Blog: ITT and EAL – how to assess learners using English as an Additional Language
In this blog, Emily Curran, provides a summary of a webinar which launched The Bell Foundation’s new ITT module on the assessment of learners using English as an Additional Language (EAL).
In November 2022, The Bell Foundation launched its third and final module for Initial Teacher Training (ITT) providers. Module Three focuses on assessment of learners using English as an Additional Language (EAL). To accompany the launch of the module, the Foundation ran a webinar to explore the materials in more detail.
This blog is a summary of the webinar, presented by Emily Curran, and Sheila Hopkins, trainers at the Foundation.
This blog explores the following key points from the webinar:
- Why it is important to consider EAL in ITT.
- What is covered in ITT Module Three.
- Why it is important to understand and assess proficiency in English of learners who use EAL.
- How to carry out assessments of learners using EAL.
- How to access the ITT modules.
Why it is important to consider EAL in ITT
The webinar began by exploring why it is important to consider EAL in ITT. As Professor Leung states: “Ethnolinguistic diversity and EAL can now be fairly regarded as ordinary and permanent features of schooling education.”
Sheila Hopkins explained how this is good news for schools. As many teachers have testified, multilingual learners are an asset to their school. They help to create thriving, diverse school communities, and extend aspirations in the broader school body.
To illustrate the diverse landscape in schools, findings from the 2022 DfE School Census were shared, which show that 19.5% of all learners in the UK were recorded as using English as an Additional Language (EAL), almost 1 in 5 of all pupils. Sheila then pointed towards the TALIS survey, which indicates that nearly half of all teachers will be teaching pupils from diverse backgrounds.
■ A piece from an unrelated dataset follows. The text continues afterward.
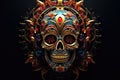 Mexican Skull design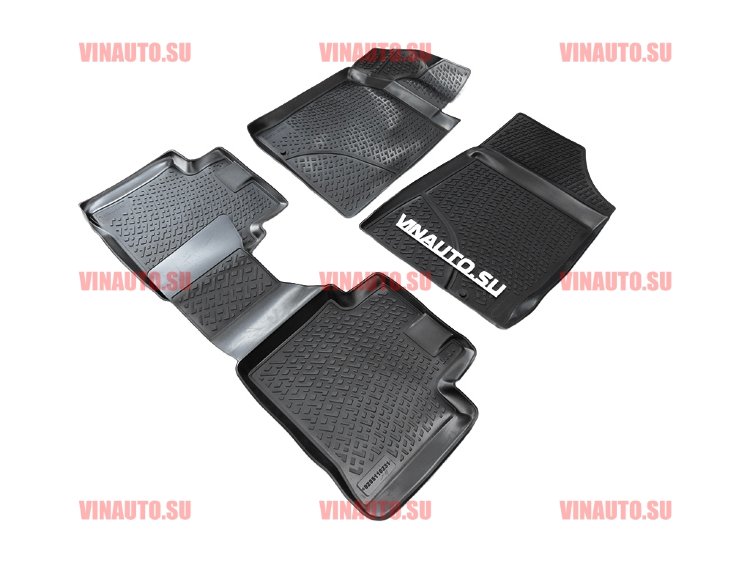 L.Locker/Коврики в салон 3D Nissan Teana sd (08-)/0205110201 L.Locker/Коврики в салон 3D Nissan Teana sd (08-)/0205110201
Next, some key findings from a research study (Foley et al., 2018) of ITE and EAL were shared, which showed that “many student teachers and teacher educators across the teacher preparation routes feel that they lack confidence and experience as they work to address pupils’ needs within linguistically and culturally diverse settings”. This highlights an explicit need for EAL pedagogy (approaches to teaching and learning relating to learners who use EAL) to be further embedded within ITT programmes.
Towards the end of the webinar, I picked up on this point again, explaining that the Foundation has developed three ITT modules to support teacher educators to give student teachers a grounding in specific EAL knowledge and strategies. Although these individual EAL-focussed sessions are useful in providing that grounding knowledge, the Foley et al. report suggests that the bulk of input and requirements for reflection and action should be infused throughout individual subjects and across all core concerns of an ITE programme. For example, when looking at scaffolding or assessment in ITE programmes, it is useful to bring in an EAL lens and consider how to scaffold content for learners who use EAL, or how to assess learners who use EAL.
What is covered in ITT Module Three
The webinar then provided an overview of the design features and content of the ITT modules:
- Module One: 'Understanding EAL: Contexts, policies and pedagogy'.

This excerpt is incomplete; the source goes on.